Photo/Illutration The Bank of Japan’s head office in Tokyo’s Chuo Ward (Asahi Shimbun file photo)

The Bank of Japan (BOJ) rejected market pressure this week, maintaining ultra-low interest rates, but its bullish views on wages and growing strains from its policy suggest it may still end its expansionist experiment this year.

Even unremittingly dovish BOJ Governor Haruhiko Kuroda is talking up wage increases in Japan, a factor critical to raising rates after decades of trying to stoke inflation and growth, suggesting to some that the BOJ could change policy after he leaves office in April.

Bond investors have sought in recent days to break the BOJ’s cap on the key 10-year yield, but the BOJ stood pat on Wednesday on its policy of yield curve control (YCC), which applies a negative rate to some short-term funds parked at the central bank and targets the 10-year yield in a range around zero.

Kuroda said the BOJ expects wages to rise at “quite a fast pace” unseen in the past, a sign of the self-sustaining cycle the central bank and government have sought, in which rising economic growth pushes up inflation and people’s income.

The BOJ’s decision to introduce new tools to defend its yield cap also suggests YCC is nearing an end and could require an overhaul of the policy, analysts say.

Kuroda likely put YCC on life support so his successor can strategise an orderly exit, said former BOJ official Nobuyasu Atago.

“For the BOJ, the top priority now is to smoothly hand the baton to the new leadership,” said Atago, chief economist at Ichiyoshi Securities.

“Once the new governor settles in, it will overhaul YCC fairly soon,” said Atago. “The BOJ can’t keep on manipulating markets like this. At some point, it needs to let market forces drive yields.”

EYING THE EXIT

The next test will likely come on April 28, the first BOJ decision under Kuroda’s successor, when the bank will announce inflation forecasts extending into early 2026.

Companies and unions will have held their annual wage talks by then. Together with upbeat price forecasts, that could give the BOJ justification to phase out stimulus.

“Mr. Kuroda argues that the BOJ hasn’t started moving toward the exit. But the BOJ has already put its shoes and coat on,” ready to proceed towards ending YCC, Columbia University professor Takatoshi Ito, a longtime close associate of Kuroda, told Reuters.

“The BOJ just needs some more time to make sure wages will indeed rise before pulling the trigger,” said Ito, considered a contender for a top BOJ job.

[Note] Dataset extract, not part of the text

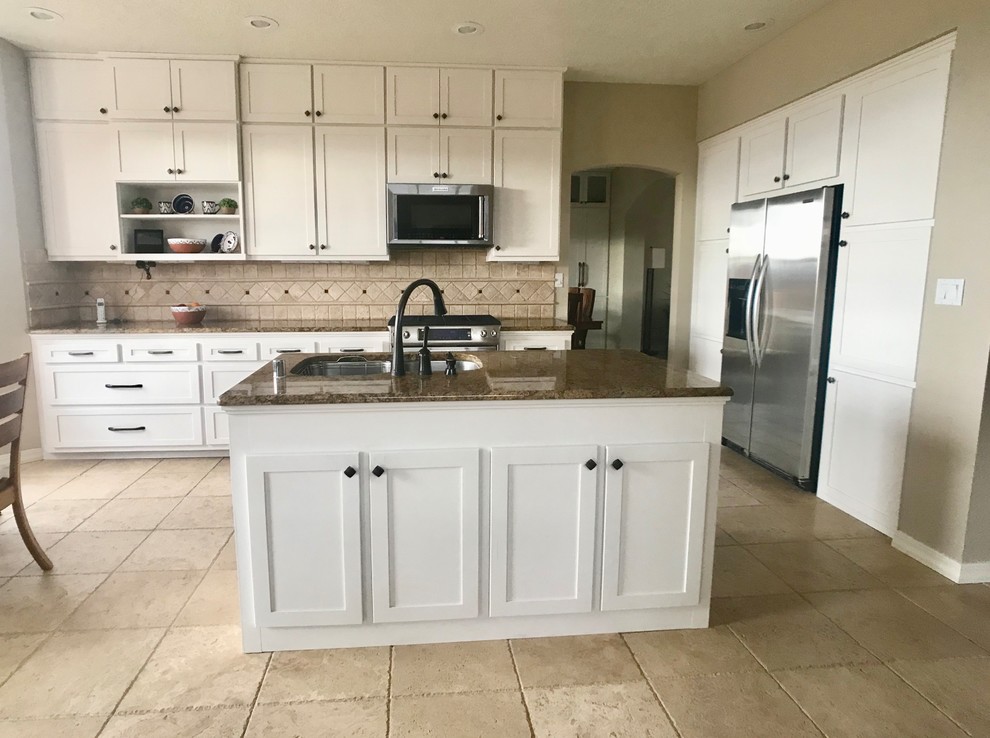 Example of a mid-sized transitional single-wall travertine floor and brown floor eat-in kitchen design in Albuquerque with an undermount sink, shaker cabinets, white cabinets, granite countertops, brown backsplash, travertine backsplash, stainless steel appliances, an island and brown countertops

He said the bank could raise the 0.5% yield cap to as high as 1% around mid-year and ditch negative rates by year’s end.

Already, there are signs of change in Japan’s decades-long era of stagnant wage growth. The parent of casual clothing giant Uniqlo says it will raise wages as much as 40%.

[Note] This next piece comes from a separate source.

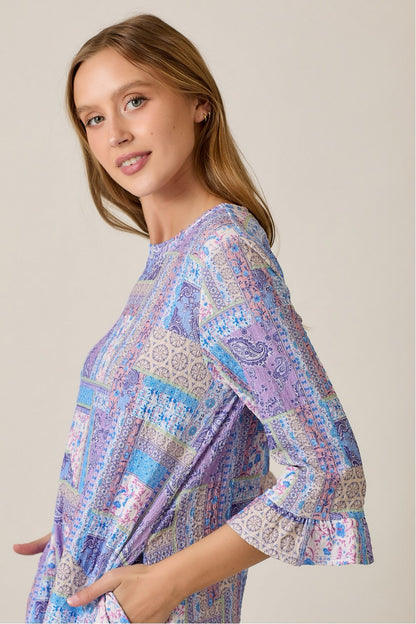 Lilac Modest A-Line Patchwork Print Dress by Celeste Clothing, featuring a flowing silhouette and colorful patchwork design.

A Reuters poll on Thursday showed more than half of big Japanese firms plan to raise wages this year, although the smaller firms that employ the vast majority of Japanese workers are less able to afford pay raises.

BOJ policymakers are already bracing for a possible near-term tweak to YCC, minutes of recent meetings show, with inflation on track to exceed the BOJ’s 2% target for a ninth straight month.

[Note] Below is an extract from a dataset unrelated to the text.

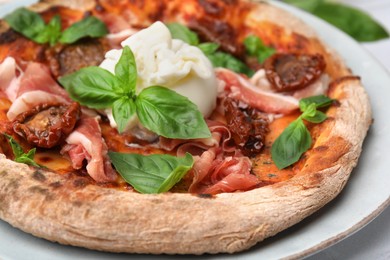 Photo of Delicious pizza with burrata cheese, basil, ham and sun-dried tomatoes on plate, closeup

Kuroda told parliament in November the BOJ can head toward policy normalization when achievement of its inflation target, accompanied by wage increases, comes into sight.

BANKS BRACE

Japan’s mega-banks are also preparing for lift-off.

Mizuho Financial Group has closed almost all the positions in its Japanese government bond portfolio, assuming the BOJ will eventually phase out stimulus, president Masahiro Kihara told Reuters this month.

“If the BOJ ends negative rates, that would widen the spread between deposit and lending rates so would definitely be positive for us,” he said.

A natural first step in exiting YCC would be to first raise or remove the 10-year yield target, then push its short-term rate target above zero and mop up liquidity from the market, say sources familiar with BOJ thinking.

With YCC creaking under market pressure, the BOJ may not be able to wait too long.

“Because the BOJ is capping the 10-year yield at a level no one in the market sees as appropriate, it’s hard to trade bonds or to use them for arbitrage,” said Satoru Kado, an analyst at Mitsubishi UFJ Research and Consulting.

“It’s pretty clear YCC is becoming unsustainable.”

The BOJ’s decision in December to raise the cap to 0.5% from 0.25% sought, unsuccessfully, to fix market distortions caused by its huge bond buying.

The central bank on Wednesday beefed up a market operation tool to pump liquidity into markets in hope of capping yields, though analysts doubt how effective it will be in taming rises.

“The new operation could compensate the BOJ’s bond buying, but not for too long,” said Tetsuya Inoue, a former BOJ official who is now a senior researcher at Nomura Research Institute.

“At some point in the near future, YCC must go.”